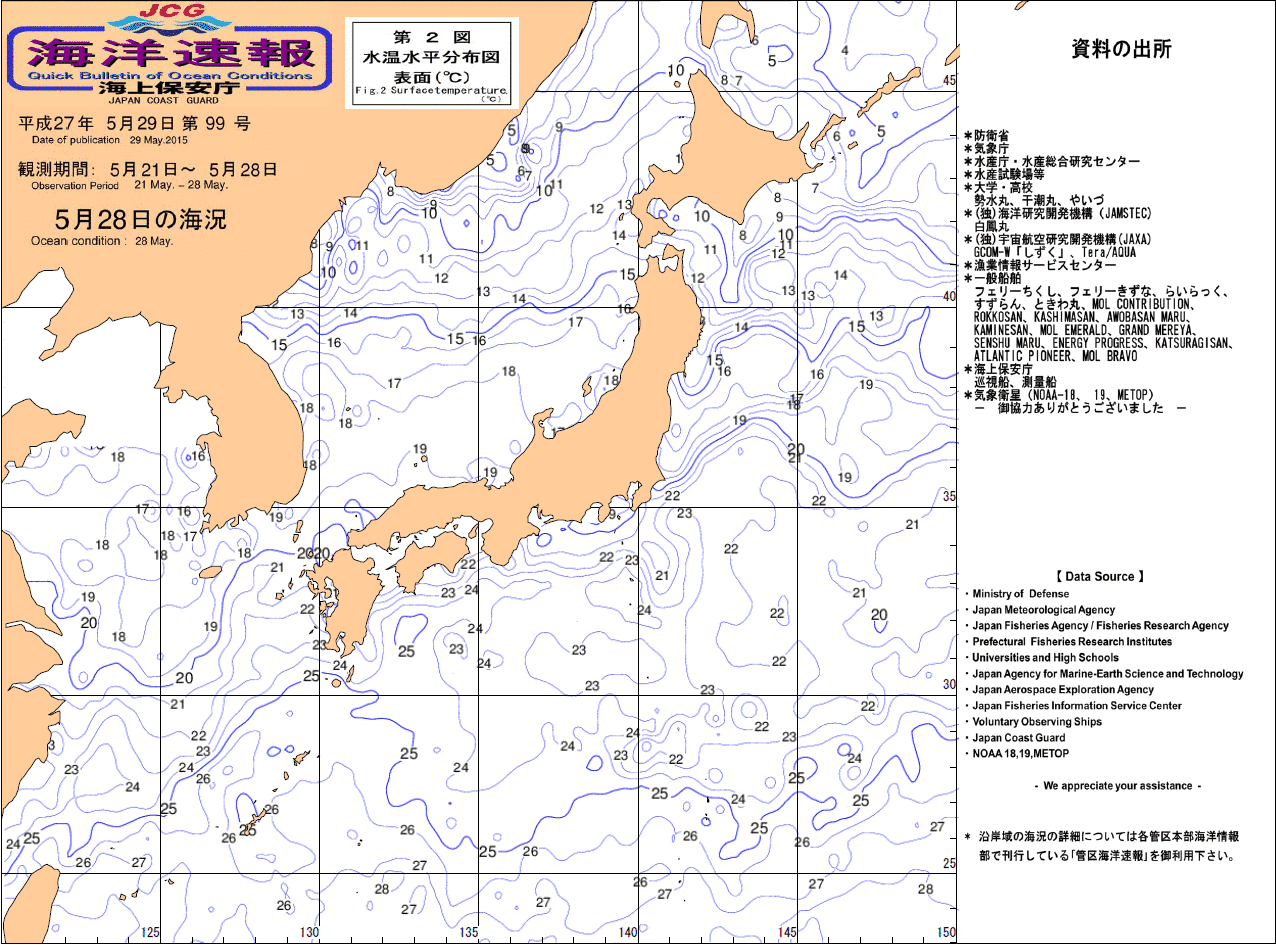 水温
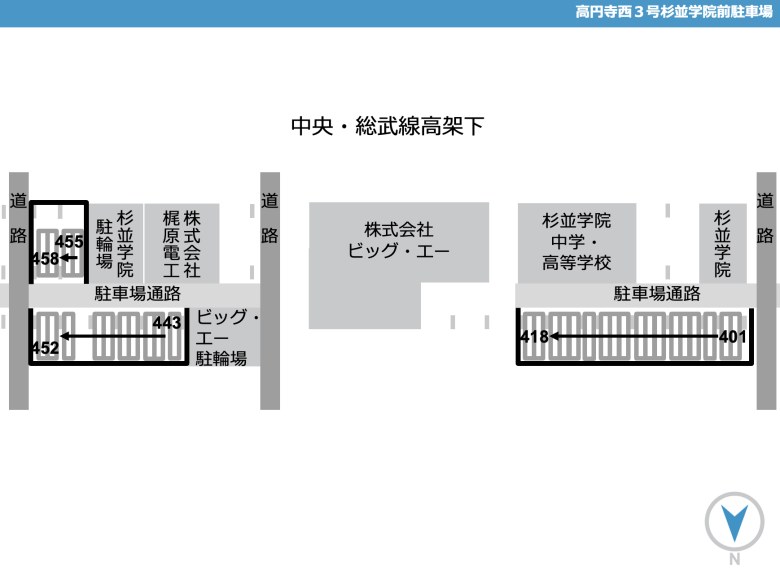 レイアウト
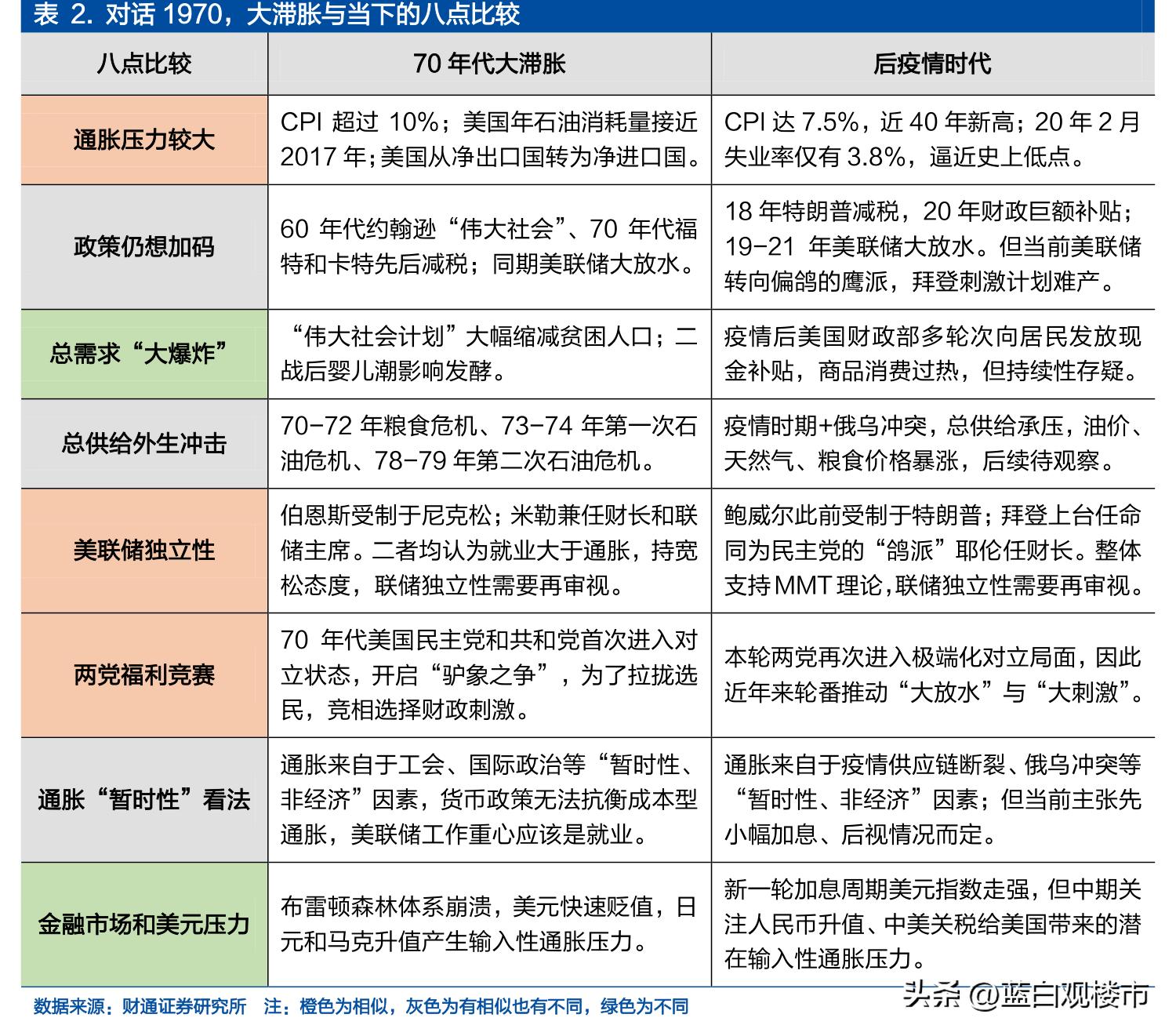 央行择机降准降息，经济的调音师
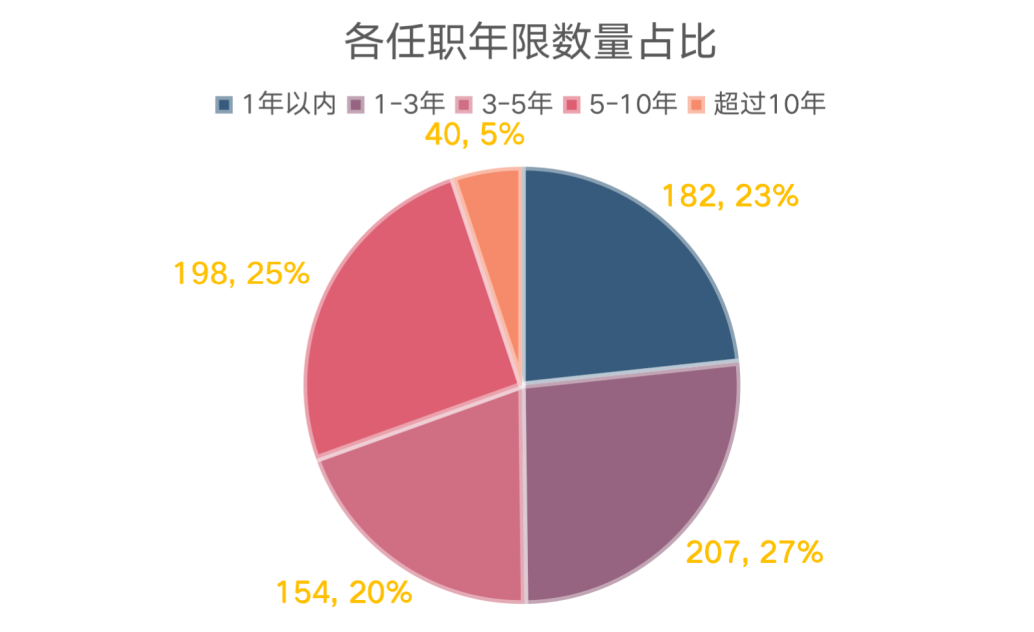 (数据来源:Wind,截至2022/3/4)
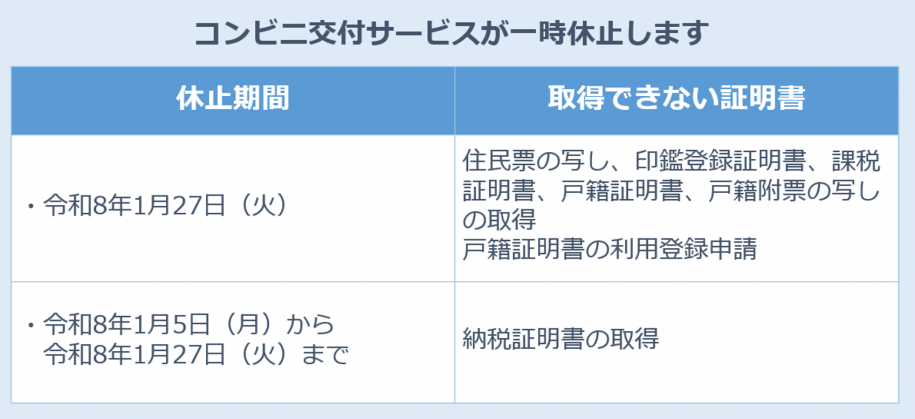 次の期間、コンビニ交付サービスが一時休止します。令和8年1月27日(火曜日)は住民票の写し、印鑑登録証明書、課税証明書、戸籍証明書の取得、戸籍証明書の利用登録申請ができません。令和8年1月5日(月曜日)から令和8年1月27日(火曜日)までは納税証明書の取得ができません。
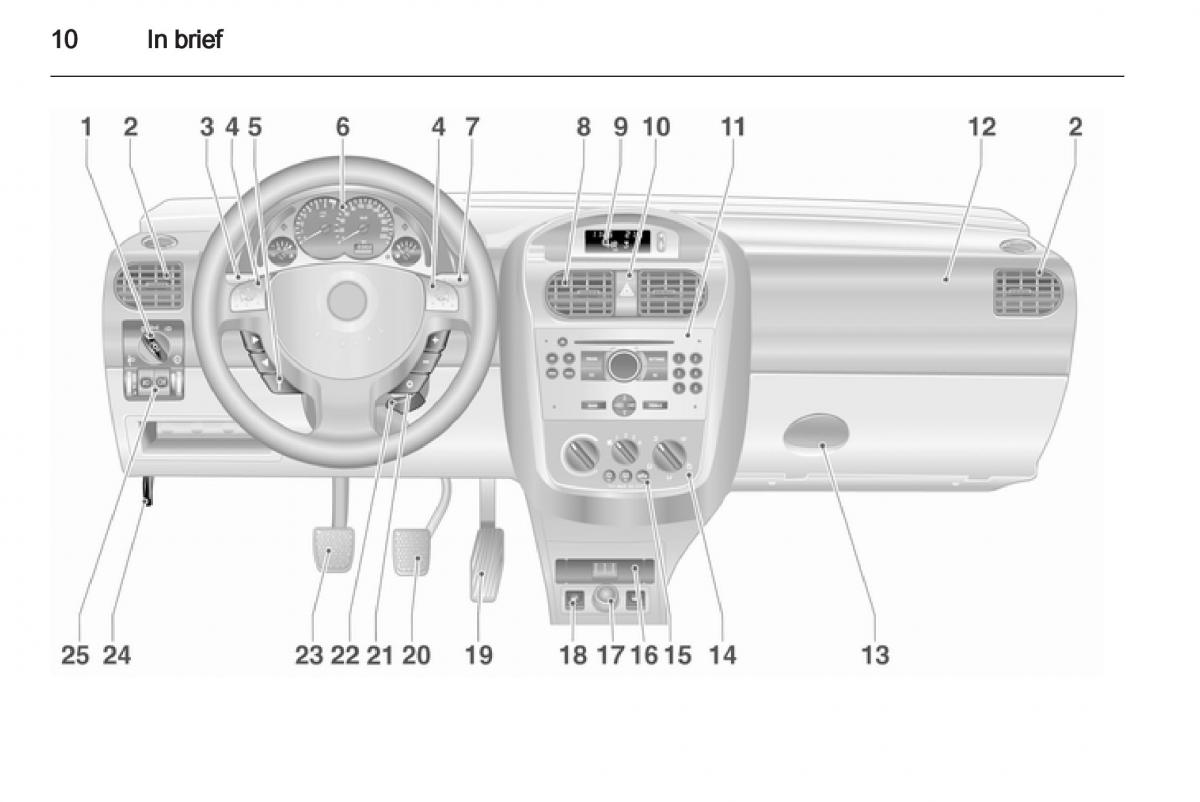 Opel Combo D owners manual / page 10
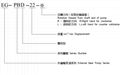 外齒輪泵浦-PBD系列 2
:::::
Work instructions :: The entries above need to be transcribed exactly, with the images left out.

Solution to the problem ::
 水温
 レイアウト
 央行择机降准降息，经济的调音师
 (数据来源:Wind,截至2022/3/4)
 次の期間、コンビニ交付サービスが一時休止します。令和8年1月27日(火曜日)は住民票の写し、印鑑登録証明書、課税証明書、戸籍証明書の取得、戸籍証明書の利用登録申請ができません。令和8年1月5日(月曜日)から令和8年1月27日(火曜日)までは納税証明書の取得ができません。
 Opel Combo D owners manual / page 10
 外齒輪泵浦-PBD系列 2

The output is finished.